ACTIVITY
With the pictures left aside, write out exactly the lines of the listing below from the line with "Indications: Rheumatic disorders, e.g." to the line with "And just off", both included, and only those.
________________
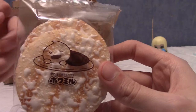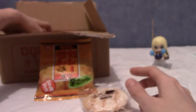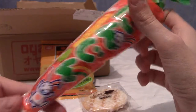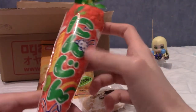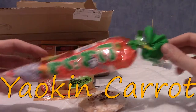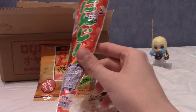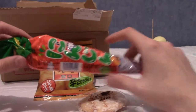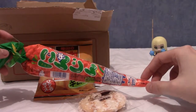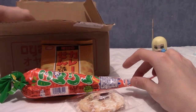Next up is this — it feels like lots of little things inside. This is the Yaokin carrot, which makes sense because it does indeed look like a carrot. It's full of popped rice pieces, not popcorn, but kind of similar. I really like the packaging — it's quite cool. It's apparently quite a traditional dagashi, or snack for those of us in the trade.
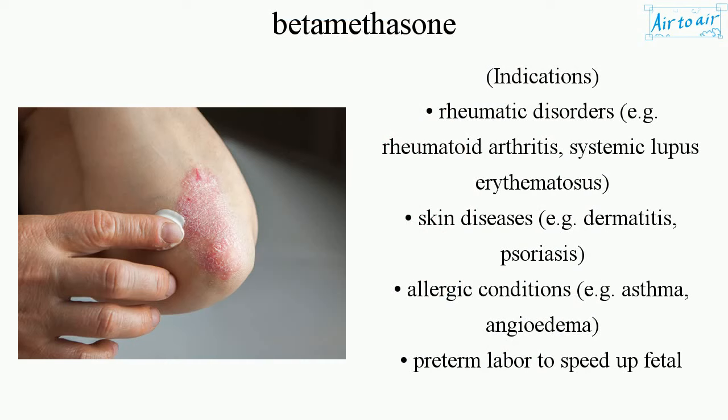Indications: Rheumatic disorders, e.g. rheumatoid arthritis, systemic lupus erythematosus. Skin diseases, e.g. dermatitis, psoriasis. Allergic conditions, e.g. asthma, angioedema.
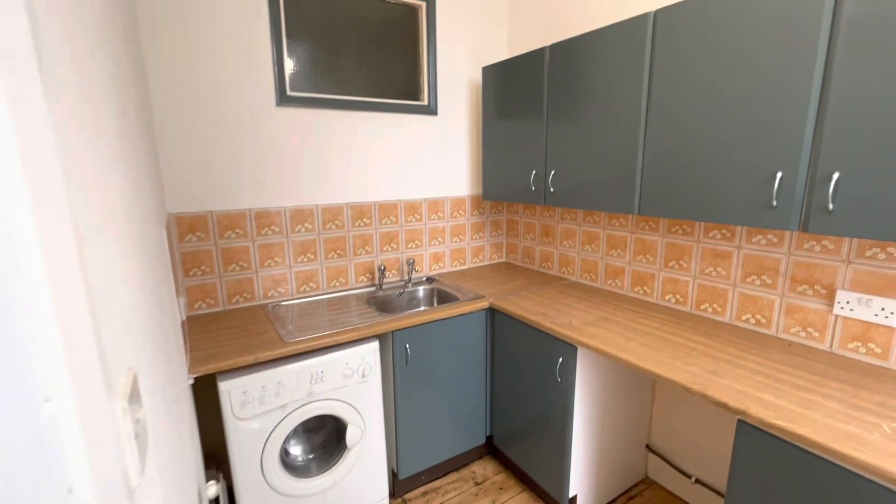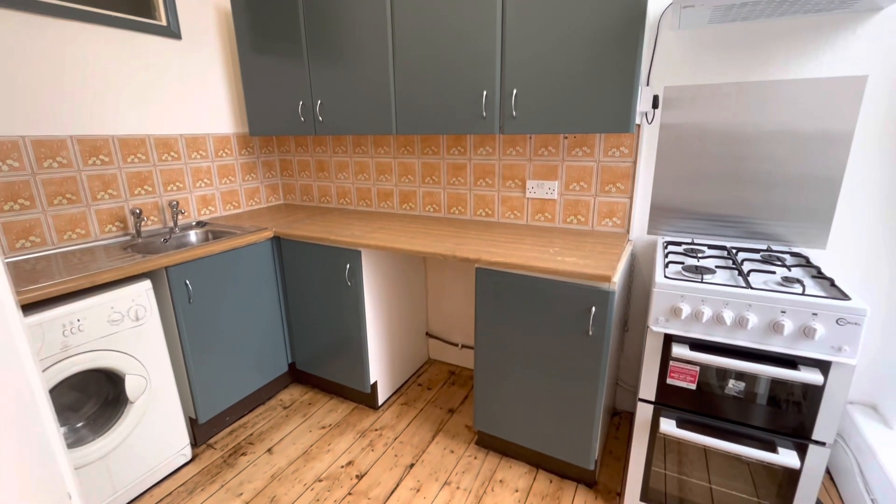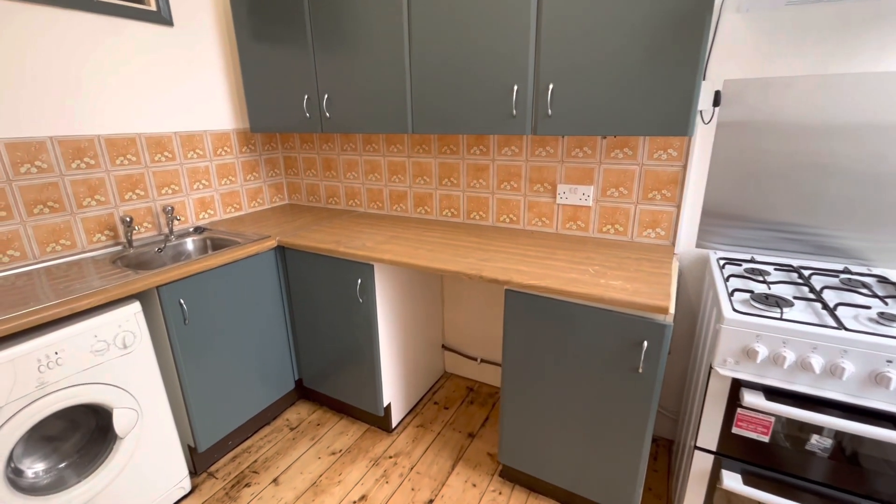And just off your living room, you've got your kitchen, which comes with a freestanding oven and hob, and a washing machine.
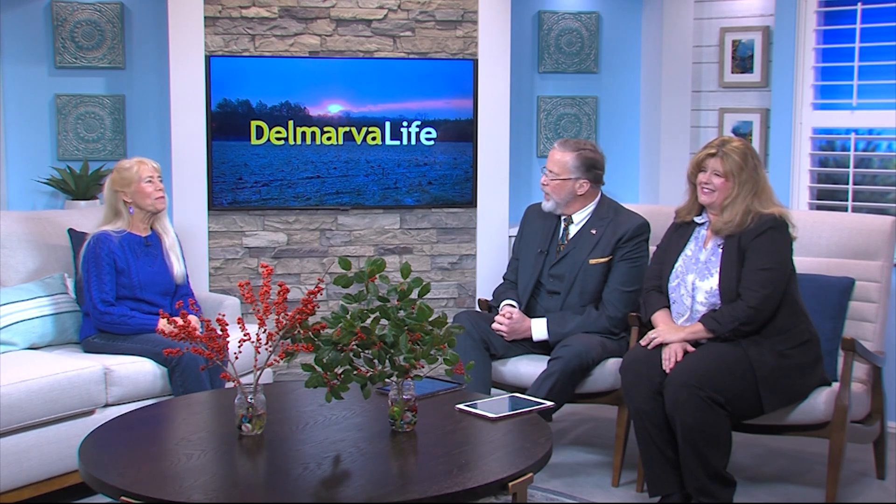Here to tell us more about this gorgeous tree is our friend Jenny Rosencrantz with the University of Maryland Extension. Thank you so much for joining us. Thank you for having me and my friends.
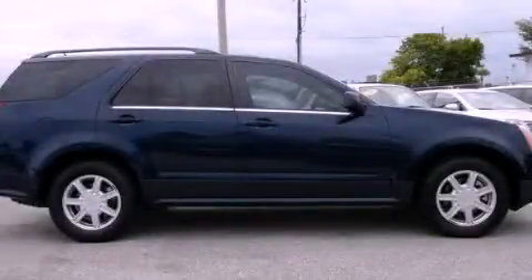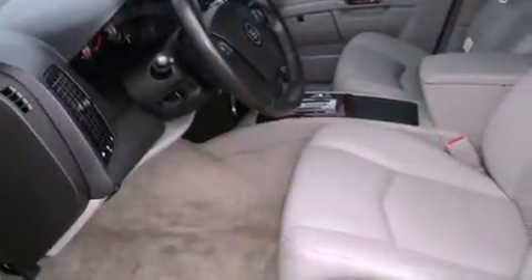This is a 2005 Cadillac SRX, a great fit and finish. It has a 3.6-liter six-cylinder engine and a five-speed automatic transmission.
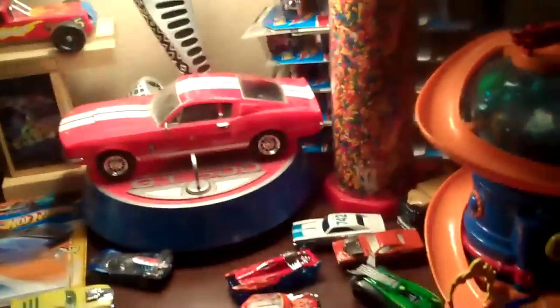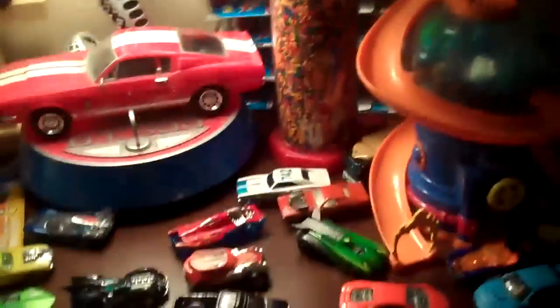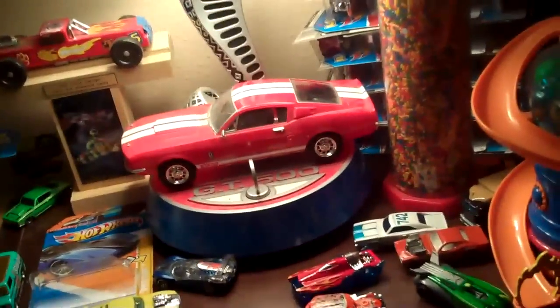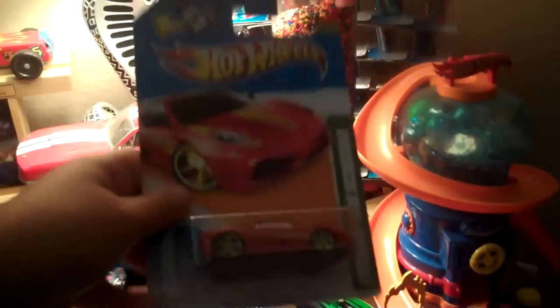Hey Youtubers, it's SaberRack060 here. You are not going to believe what I found at Target today. It is my first ever Hot Wheels Treasure Hunt car. I thought I was never going to find it, but I actually found my first Treasure Hunt. This Treasure Hunt is a Ferrari 430 Scuderia.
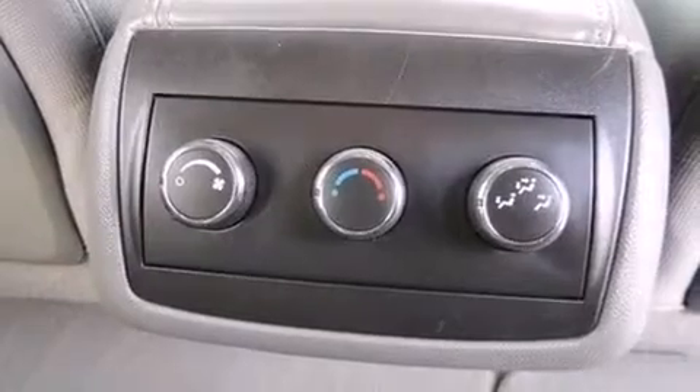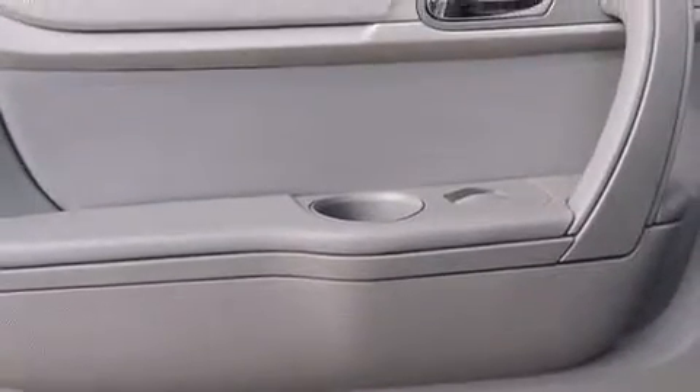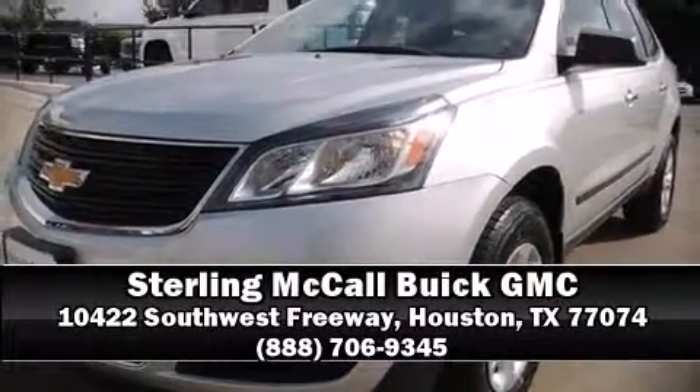A Carfax history report indicates just one previous owner. Our sales reps are extremely helpful and knowledgeable. Stop in and take a test drive.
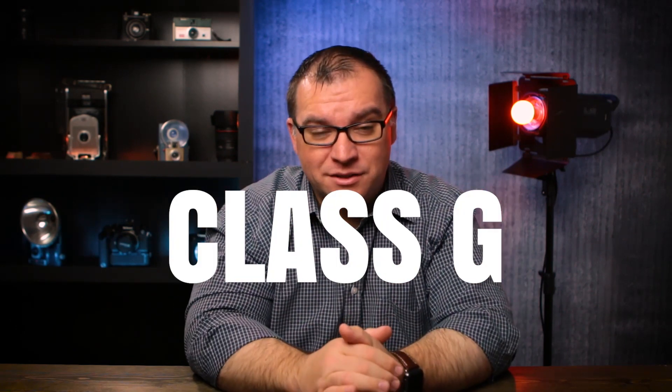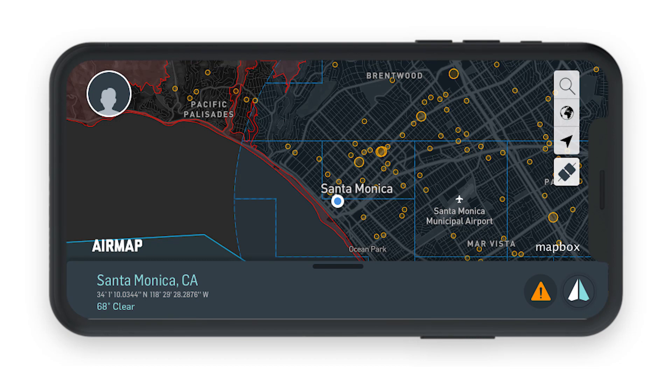So what has really changed? First off, you no longer have to notify an airport if you're within five miles of them, but you are required to fly in Class G airspace. I highly recommend downloading the AirMap app — there will be a link to it in the description. It's what I use; I think it's better than the FAA's Before You Fly app. That's just my opinion. Both of those should be able to tell you which airspace you're flying in.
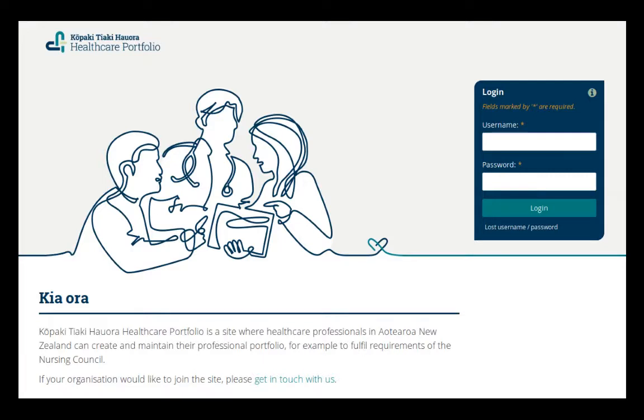The platform that Waitemata DHB uses is Kopakitiya Kihora Healthcare Portfolio. We set up the platform not just for the DHB — it was important that nurses can keep their portfolio if they move to another district health board or another part of the country, because nurses in New Zealand do move around quite a bit. So what was decided is that they can all eventually be on the Healthcare Portfolio, which is set up for all of New Zealand, and any healthcare professional can join through their district health board, with their portfolio always staying in place even when they move.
________________
REPLY TO THE EXERCISE
Indications: Rheumatic disorders, e.g. rheumatoid arthritis, systemic lupus erythematosus. Skin diseases, e.g. dermatitis, psoriasis. Allergic conditions, e.g. asthma, angioedema.
And just off your living room, you've got your kitchen, which comes with a freestanding oven and hob, and a washing machine.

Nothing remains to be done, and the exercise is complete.